• PROBLEM REQUIREMENTS: Your task is to write out the full listing once more, exactly.

• RECORDED INFORMATION:
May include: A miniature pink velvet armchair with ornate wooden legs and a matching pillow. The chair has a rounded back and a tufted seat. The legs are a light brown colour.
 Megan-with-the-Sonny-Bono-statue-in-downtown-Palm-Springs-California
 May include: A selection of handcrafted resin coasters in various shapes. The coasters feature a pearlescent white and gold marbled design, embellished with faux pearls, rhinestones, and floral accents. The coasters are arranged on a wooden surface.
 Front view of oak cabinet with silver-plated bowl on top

• ANSWER FOR THE TASK:
May include: A miniature pink velvet armchair with ornate wooden legs and a matching pillow. The chair has a rounded back and a tufted seat. The legs are a light brown colour.
 Megan-with-the-Sonny-Bono-statue-in-downtown-Palm-Springs-California
 May include: A selection of handcrafted resin coasters in various shapes. The coasters feature a pearlescent white and gold marbled design, embellished with faux pearls, rhinestones, and floral accents. The coasters are arranged on a wooden surface.
 Front view of oak cabinet with silver-plated bowl on top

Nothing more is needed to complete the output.